Prefect also offers caching, which can help avoid recomputation during repeated runs. The source data mentions per-task caching and state tracking as part of Prefect’s core model.
Dagster Testing, Resources, and I/O Managers
Dagster’s testing story centers on dependency injection, resources, and I/O managers. The source data says assets and resources are plain Python objects, and that unit testing a pipeline can mean calling a function with test inputs.
Dagster also separates computation from storage through I/O managers. For example, teams can write locally during testing and use production object storage in deployment by changing configuration.
Practical ML implication: Dagster’s I/O managers are particularly relevant when the same pipeline must run against local files in development and production storage in deployment.
A practitioner discussion in the source data also reinforces this: one engineer described developing locally and deploying to production by swapping external resources, with a clean separation between how data is calculated and how it is stored.
| Reproducibility Need | Airflow | Prefect | Dagster |
|---|---|---|---|
| Run same code locally and in production | Possible, but local setup can be heavy | Strong fit | Strong fit |
| Swap storage by environment | Usually custom/operator-dependent | Supported through configuration patterns | Strong through resources and I/O managers |
| Unit test pipeline logic | More mocking and framework setup | Plain Python-friendly | Plain Python plus dependency injection |
| Track data lineage | Less native; task-centric | Metadata and state tracking | Core asset graph and lineage |
For ML reproducibility, Dagster has the strongest native data-awareness, Prefect has the simplest Python testing flow, and Airflow has the most mature ecosystem but heavier test setup.

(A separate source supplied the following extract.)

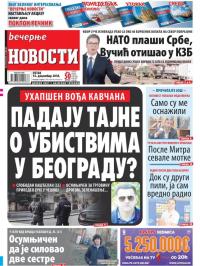 Večernje novosti - broj 3179, 14. dec 2018.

Scheduling, Retries, and Failure Recovery
Scheduling is where the operational differences become very visible.
Airflow Scheduling
Airflow is a DAG-centric scheduler. It supports cron schedules, timetables, sensors, deferrable tasks, and dataset-aware scheduling. The architecture source explains that a scheduler reads DAG files, creates task instances, and sends them to executors running on workers.
Airflow also offers operational controls such as:
- Pools: Throttle concurrency against scarce resources.
- Priority weights: Bias scheduling when the queue is full.
- Remote logs: Store worker logs in systems such as object storage so the UI can retrieve them later.
- Deferrable operators: Offload long waits to a triggerer so workers are not blocked.
These are important for production ML workloads where feature stores, warehouses, and GPUs may be constrained resources.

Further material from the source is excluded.